Sperm whale dies with 100kg of plastic in its stomach

Elias Hubbard
December 3, 2019

Warning: Some images in this story are graphic and may be disturbing to some viewers.

It died shortly thereafter, a representative with the Scottish Marine Animal Strandings Scheme (SMASS), part of the Cetacean Strandings Investigation Programme at Scotland's Rural College (SRUC) in Aberdeen, wrote on Facebook on December 1. It had already been dead for about 48 hours.

The nets, bundles of rope, plastic cups, bags, gloves, packing straps and tubing totalled about 100 kilograms, the Scottish Marine Animal Strandings Scheme reported on its Facebook page Sunday.

A male sperm whale was found dead with over 220 lbs. of debris in its stomach.

"If you go to the beach today, there should be nearly no evidence that there was a large sperm whale necropsy undertaken there this weekend", they wrote.

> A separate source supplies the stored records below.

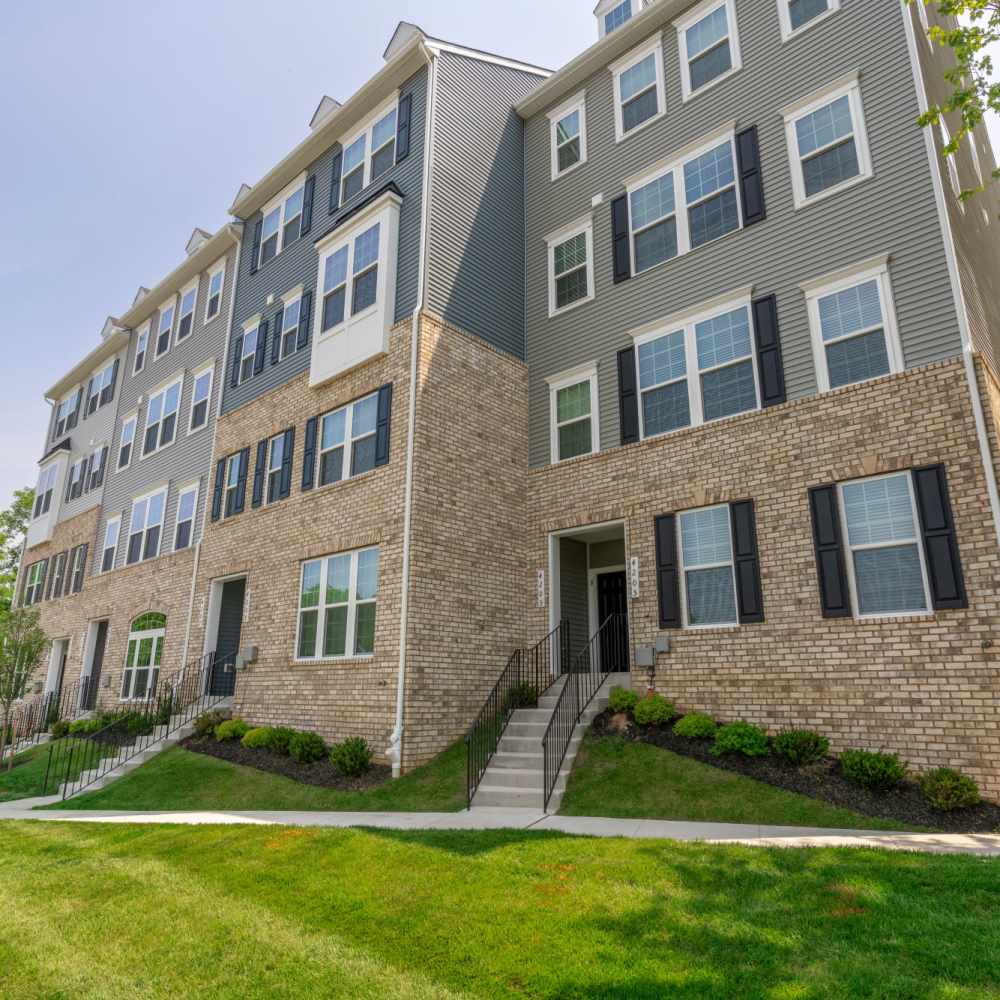 View of an apartment building surrounded by a lawn and trees at Dorsey Overlook in Ellicott City, Maryland.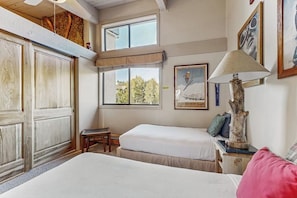A bedroom with two beds, a window with a view, a lamp, and a framed picture on the wall. - Ski-In/Out Top-Floor Condo w/Free WiFi, Fireplace, and Shared W/D, Hot Tub, Pool (Steamboat Springs)
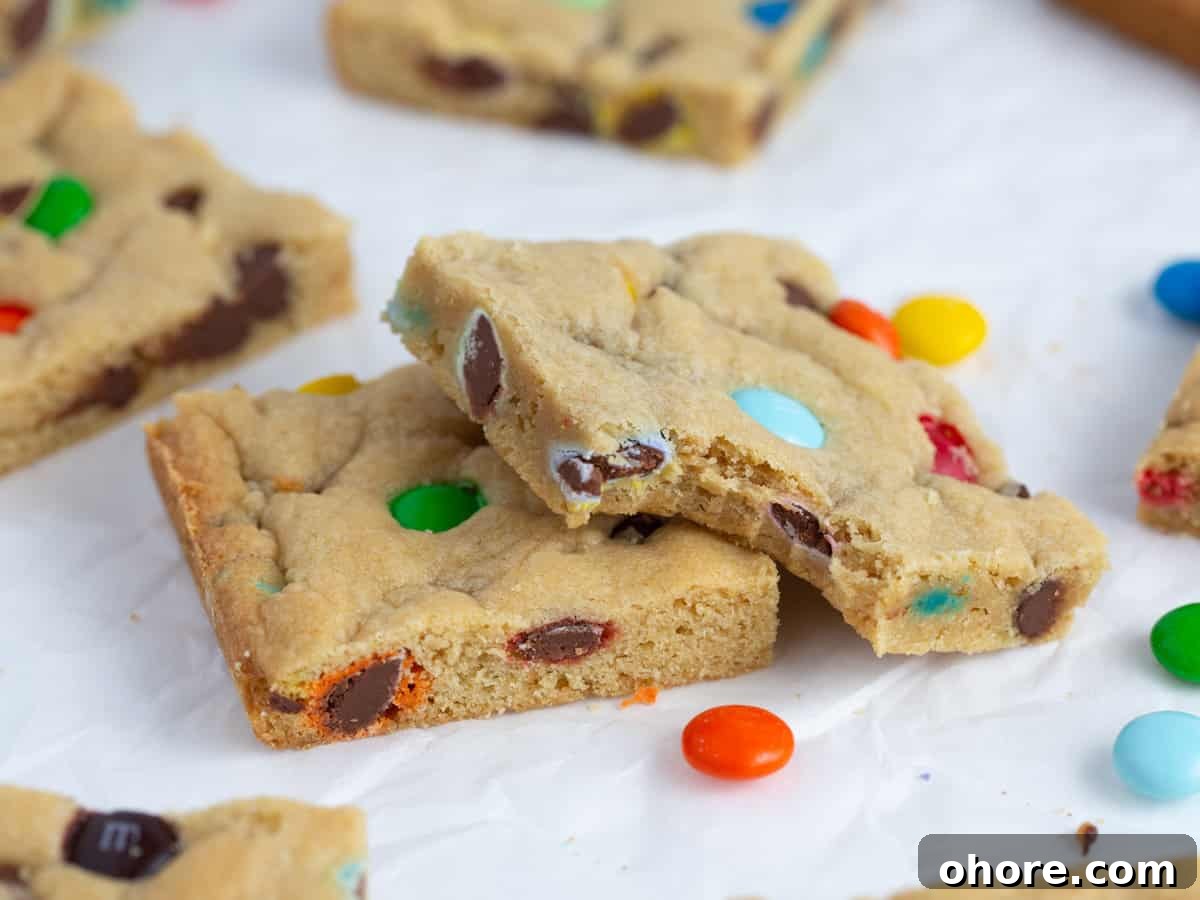 Chewy M&M Cookie Bars Recipe — Loaded Candy Cookie Bars 3 Chewy M&M Cookie bar squares with bite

When SMASS workers began a necropsy, dissecting the whale on the shore, they discovered "a whole range of plastic" tangled into a ball and nestled inside the whale's gut.

"All this material was in a huge ball in the stomach, and some of it looked like it had been there for some time", said the group, funded by the Scottish and United Kingdom governments to track marine animal strandings on Scottish coastlines.

Due to the difficulties of transporting the carcass, the whale was buried at the beach.

The organization could not find evidence that the waste had blocked the creature's intestines, but it said the amount of debris could have played a part in its live stranding.

However, writing on Facebook they said: "This amount of plastic in the stomach is nonetheless horrific, must have compromised digestion, and serves to demonstrate, yet again, the hazards that marine litter and lost or discarded fishing gear can cause to marine life".

Both the Coastguard and the Western Isles Council's disposal team helped the organization bury the whale following their autopsy.

The whale was young - a subadult - and it is not yet clear why the otherwise healthy mammal died.

The necropsy for the whale was done on the beach because it was impossible to transport the 20-ton marine animal.

"Debris in our oceans is everyone's problem".

Inside the whale was a condensed mass of fishing debris and land trash.

According to figures from the organization, the number of whale and dolphin stranding in Scotland are rising, with 204 reports a decade ago and more than 930 previous year.